I just have to share this with you all. I have a google alert set up with “need, photography, Pittsburgh” and I don’t normally get a lot of good results for that but sometimes it does provide leads so I keep it active. The other thing that happens occasionally is that it brings back interesting results like this one:

http://ihobbycorner.com/professional-photography/

Which will almost certainly need to be removed from that website. If it is before you get a chance to read it let me tell you what it is. It’s an advertisement for the Art Institute of Pittsburgh (AIP) disguised as a blog post on a hobby blog. The reason that I know if will be removed soon is because it’s illegal. Laws were past last year that made it illegal for bloggers and twitterers to endorse things without reveling their relationship or any compensation they are getting for doing so. This wasn’t even that well disguised – it looked like copy taken right from their website or from print material.

AIP is where I graduated from in 2001 and I really do value what I learned there but most of the people I graduated with are not doing what they went to school there for and we were told a ton of mis-truths and on occasion outright lies by the representatives of  the school. Things have only gotten worse as these days they are owned by Goldman Sachs who have pushed even harder for ever higher profits.

Upon reading this blog post advertisement I couldn’t pass up the chance to share with potential readers the lies and misrepresentations that abound with these folks. Being that my comment needed to be moderated and the fact that the post should be taken down I’ve decided to share my comments here with you dear reader so enjoy:

WDOphoto Says: Your comment is awaiting moderation.
February 2nd, 2010 at 3:17 pm

This poster is almost certainly a sales person – a paid sales person and their post may be in violation of recent laws that require a blogger to identify anyone who might be paying them to blog about a particular subject or any relationship that they might have with the subject that they are blogging about.

What the author also fails to tell you is that many graduates also are crushed by the huge expense of the tuition that the Art Institute charges.

I graduated from AIP in 2001, out of the folks that graduated with me and before and after me by a few quarters I am one of maybe 10 people that are working as a photographer.

Forget getting a job as a photojournalist right out of AIP – the newspaper industry has been shedding jobs, not adding them, and the vast majority of the students they pass through are not focused or driven enough to work in such a competitive field.

Nor are they set to work in commercial photography which is just as competitive. The majority of the students who are herded through their programs like cattle are meek and mild and set-up to fail.

This poster fails to tell you dear reader that you can learn just as much at a state school, more even, than what you will at AIP for far less money.

They’ve also failed to tell you that since Goldman Sachs bought EDMC (the company which owns AIP that the poster almost certainly works for in a sprawling cubical filled warehouse in Pittsburgh’s Strip District) the focus has become far more financially driven and profit motivated and far less about education.

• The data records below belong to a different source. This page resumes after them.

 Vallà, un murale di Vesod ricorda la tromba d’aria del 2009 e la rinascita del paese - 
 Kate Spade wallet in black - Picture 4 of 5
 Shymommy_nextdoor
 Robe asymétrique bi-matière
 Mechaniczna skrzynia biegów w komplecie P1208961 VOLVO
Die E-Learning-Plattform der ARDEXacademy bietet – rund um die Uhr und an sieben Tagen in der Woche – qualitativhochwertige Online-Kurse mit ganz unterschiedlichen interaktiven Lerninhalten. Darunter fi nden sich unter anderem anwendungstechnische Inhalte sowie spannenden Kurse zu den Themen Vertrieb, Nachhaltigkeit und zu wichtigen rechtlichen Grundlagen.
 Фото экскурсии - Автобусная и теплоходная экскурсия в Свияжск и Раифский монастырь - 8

Don’t get me wrong – the school was always profit driven. It’s just that now they are even more ruthless in their pursuit of financial gains at the expense of the general public.

EDMC employs hundreds, if not thousands, of sales people. They are not “councilors” they are sales people, their backgrounds are in sales, they don’t care if you are mentally deficient – if you have the money they’ll tell you how wonderful your future is going to be. After all the schools they are pushing have a 100% acceptance rate.

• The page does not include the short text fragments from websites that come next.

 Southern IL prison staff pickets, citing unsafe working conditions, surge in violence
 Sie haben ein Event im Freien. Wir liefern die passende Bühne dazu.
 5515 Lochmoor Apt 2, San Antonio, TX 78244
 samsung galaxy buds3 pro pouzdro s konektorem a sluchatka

I strongly encourage everyone to read about the high costs of these schools and how these schools have a higher percentage of students who default on their loans as was my case because the cost of AIP was so high that I was forced into taking out private loans. They at one time set up (and still might have) a private loan just for them through Sallie Mae that I was told was the only private loan I was allowed to apply to my bill there. When I took out this loan the interest rate was 23% (compound that).

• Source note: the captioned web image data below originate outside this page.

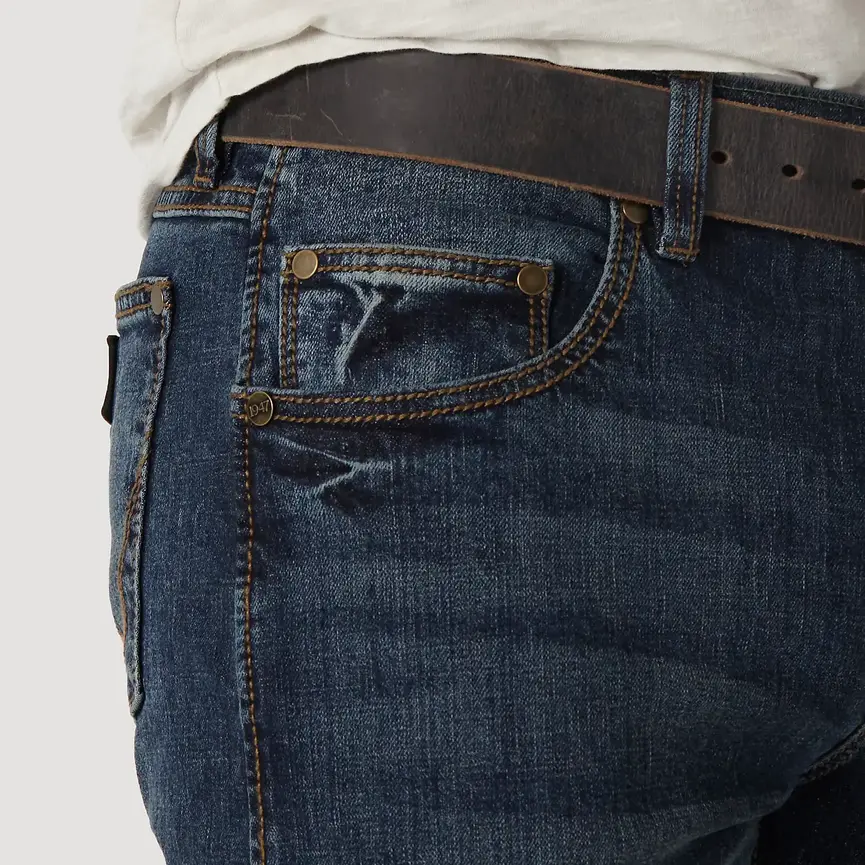 MEN'S RETRO SLIM FIT STRAIGHT LEG JEAN IN BOZEMAN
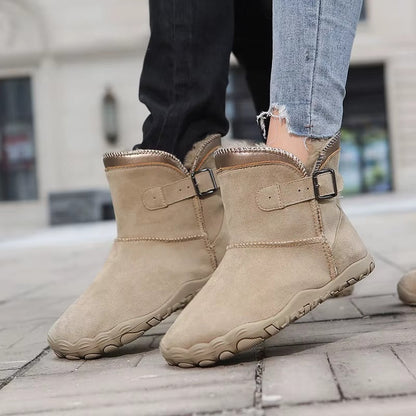 Śniegowce barefoot w kolorze piaskowego beżu na nogach na chodniku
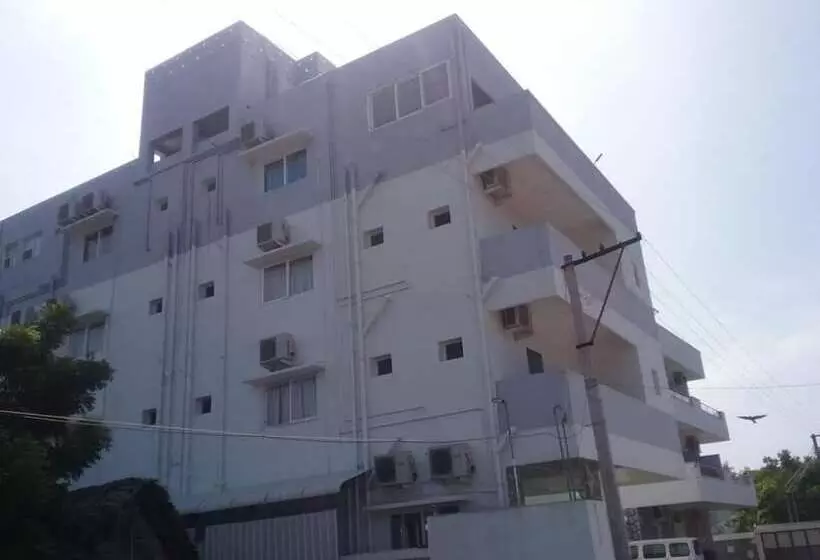 ペンション Quiet Home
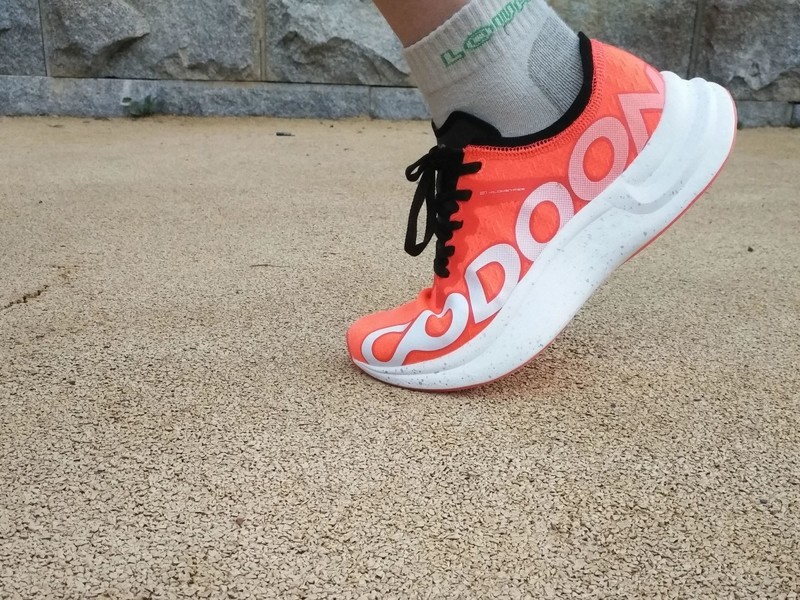 跑步减脂必备的高弹透气跑鞋，咕咚21K逐日PRO体验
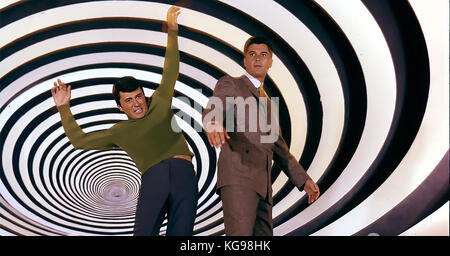 'Time Tunnel' James Darren, Robert Colbert vers 1966 LE TUNNEL TEMPOREL 1966/67 série américaine ABC TV science-fiction avec Robert Colbert à droite comme Dr Douglas Phillips et James Darren comme Dr Anthony Newman Banque D'Images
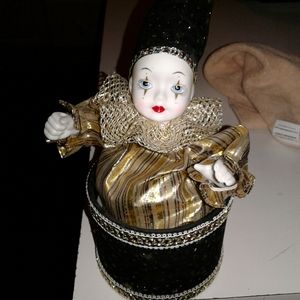 Music box clown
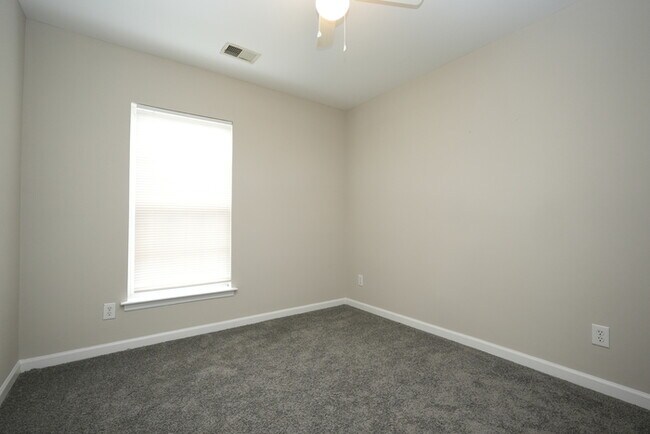 Building Photo - Charming 3-Bedroom, 3-Bathroom Townhome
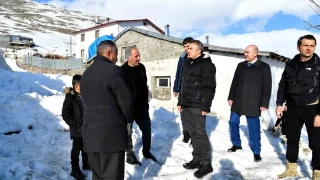 Ardahan'da kar son yılların en büyük tahribatına sebep oldu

Something else to keep in mind – these schools target lower income high-school students and working adults that more than likely come from a family or background where they in no way can understand the complex financial problems that are being thrust upon them.

I was a wide-eyed teenager herded into a tight hallway full of 6×6 rooms with a waiting line an hour to two long. My mother and I had little to no time to read anything that was shoveled at us. We were told to sign here and sign there – it was as if the devil himself, with all of his slickness, was on the other side of that desk. We got taken. And so did nearly everyone I waited in line with that day. As I said only a few of us made it out doing what we went in there for.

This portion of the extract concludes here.